Everything from the line holding "Fuchsia × standishii leaf" through the final line of the records is to be transcribed exactly, except pictures, and nothing beyond that.
-- -- --
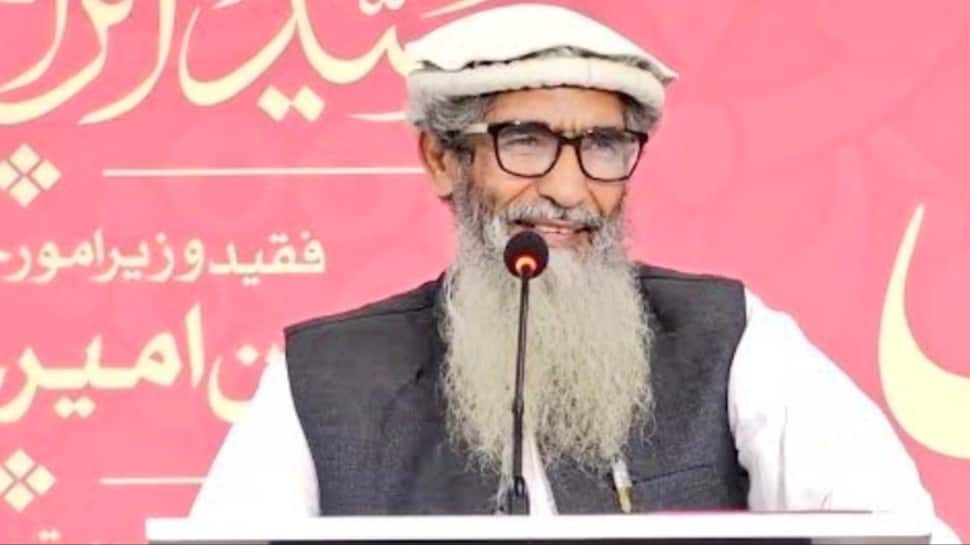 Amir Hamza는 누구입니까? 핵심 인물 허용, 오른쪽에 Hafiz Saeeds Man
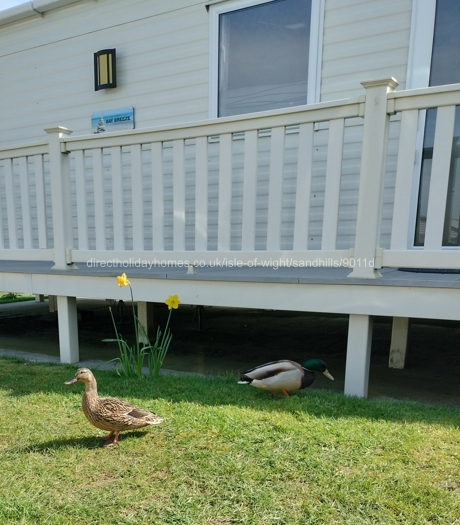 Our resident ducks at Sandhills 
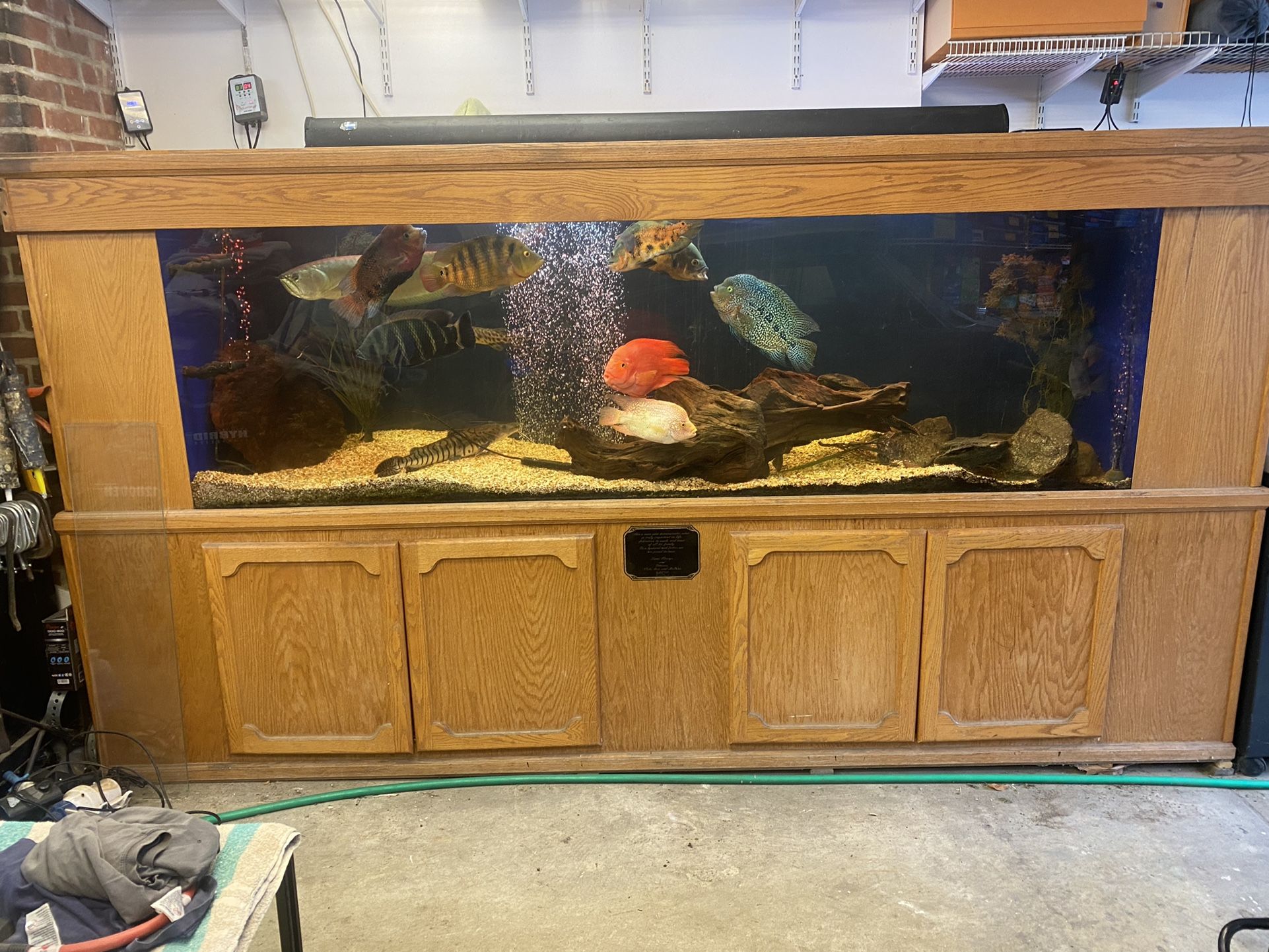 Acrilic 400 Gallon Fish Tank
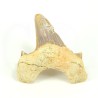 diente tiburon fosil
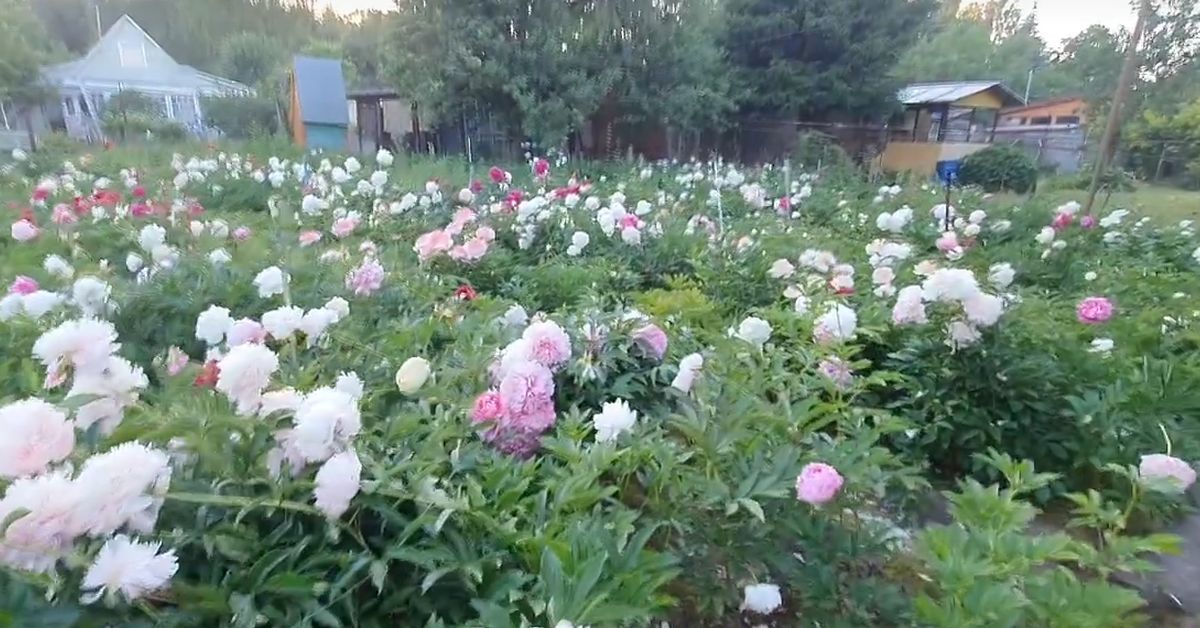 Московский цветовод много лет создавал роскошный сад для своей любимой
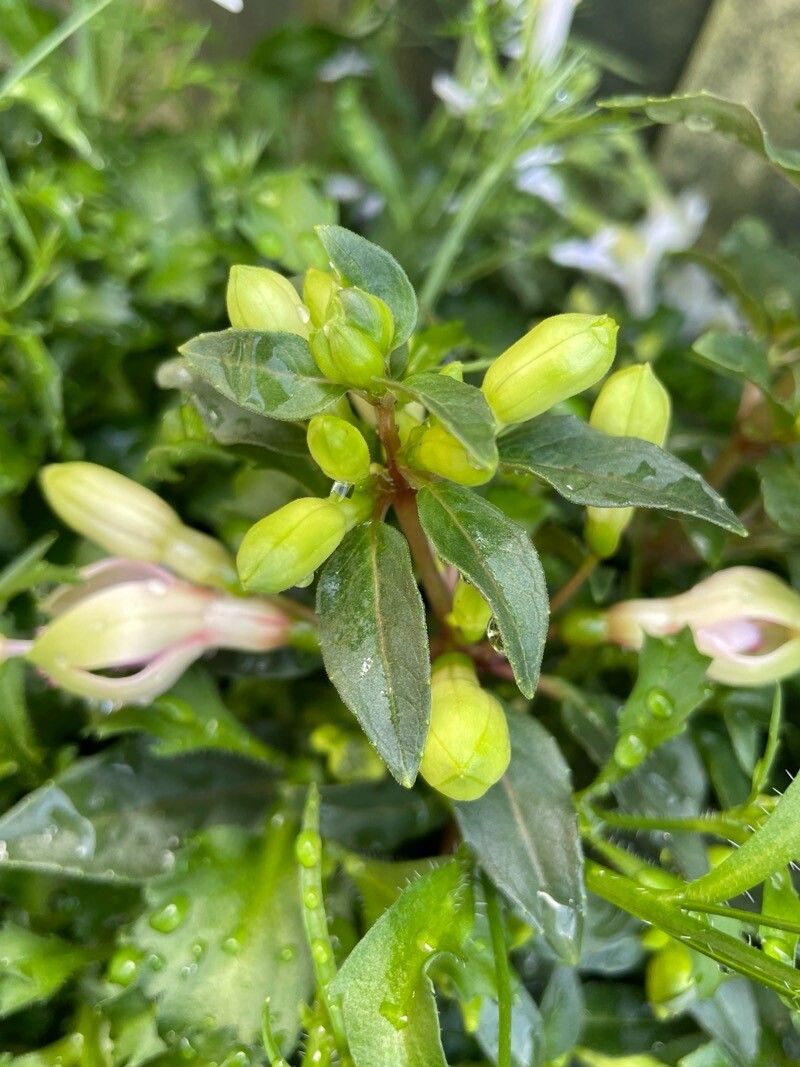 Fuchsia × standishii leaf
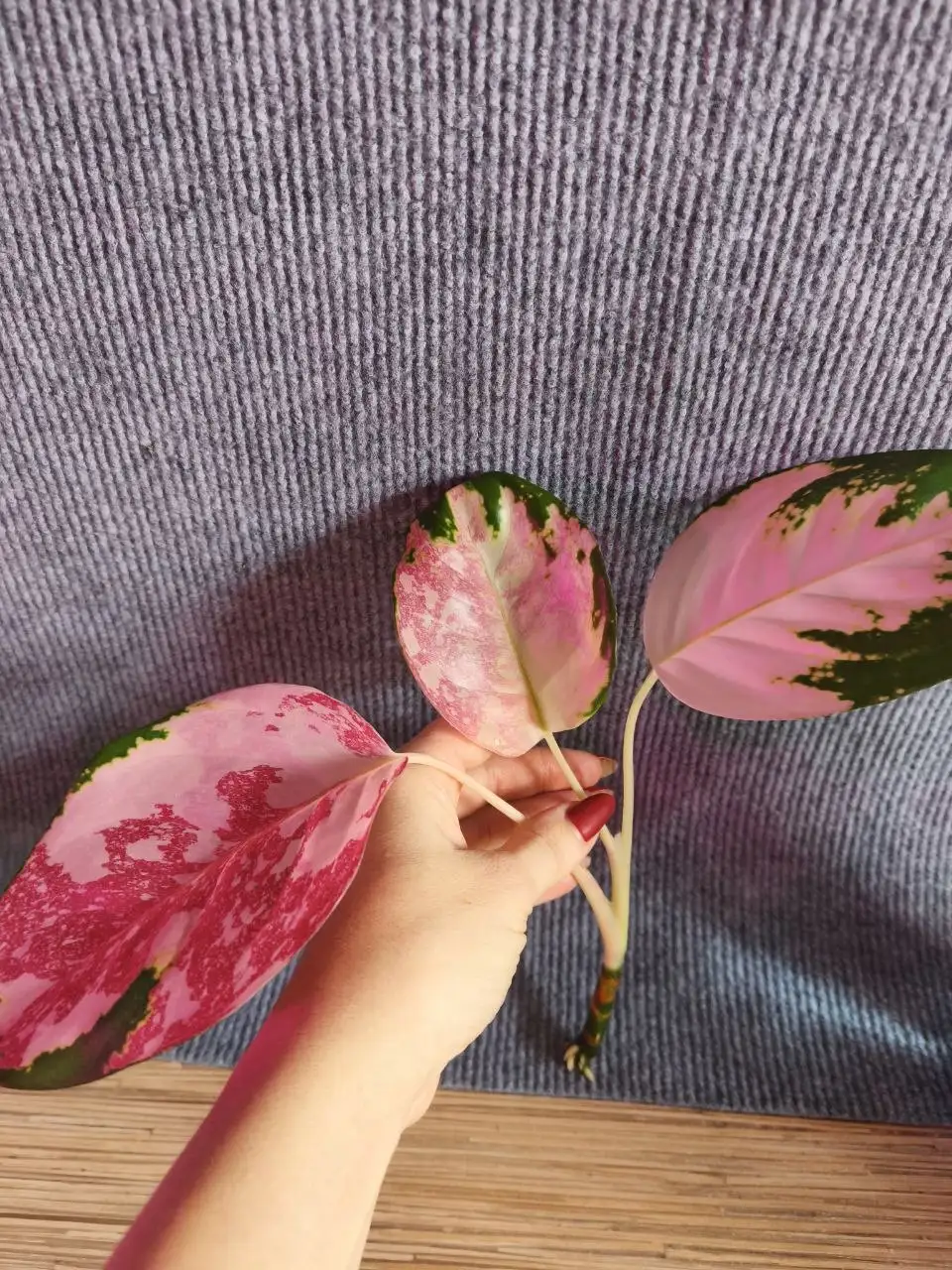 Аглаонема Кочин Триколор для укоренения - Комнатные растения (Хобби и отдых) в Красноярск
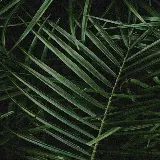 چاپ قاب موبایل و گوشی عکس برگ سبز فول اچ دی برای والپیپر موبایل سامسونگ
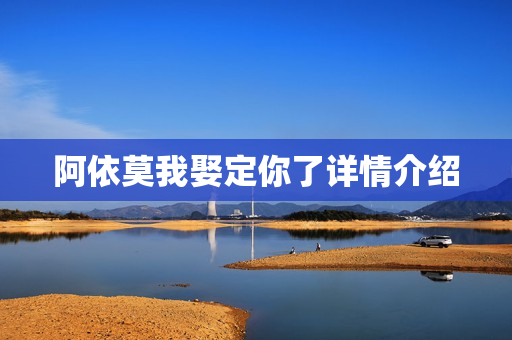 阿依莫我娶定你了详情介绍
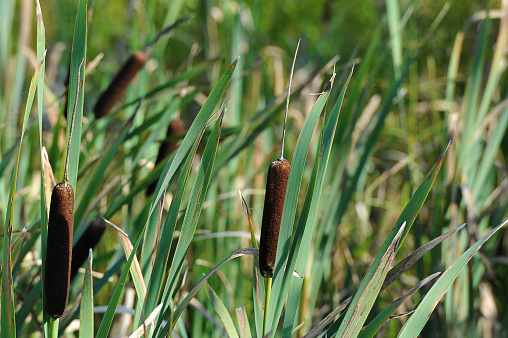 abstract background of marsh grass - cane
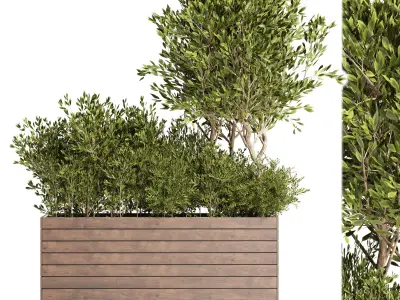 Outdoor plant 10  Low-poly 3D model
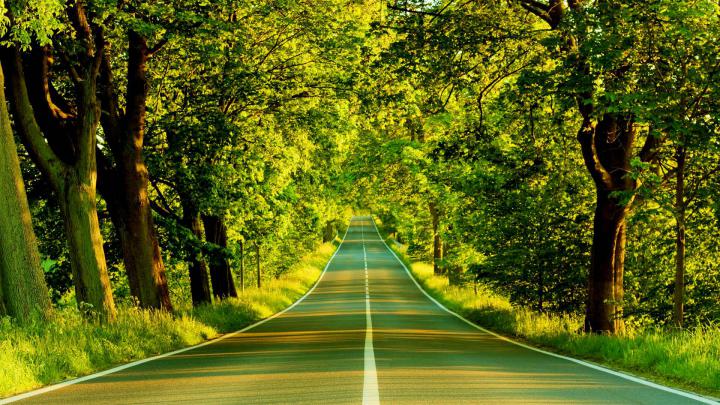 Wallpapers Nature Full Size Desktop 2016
-- -- --
## Reply
 Fuchsia × standishii leaf
 Аглаонема Кочин Триколор для укоренения - Комнатные растения (Хобби и отдых) в Красноярск
 چاپ قاب موبایل و گوشی عکس برگ سبز فول اچ دی برای والپیپر موبایل سامسونگ
 阿依莫我娶定你了详情介绍
 abstract background of marsh grass - cane
 Outdoor plant 10  Low-poly 3D model
 Wallpapers Nature Full Size Desktop 2016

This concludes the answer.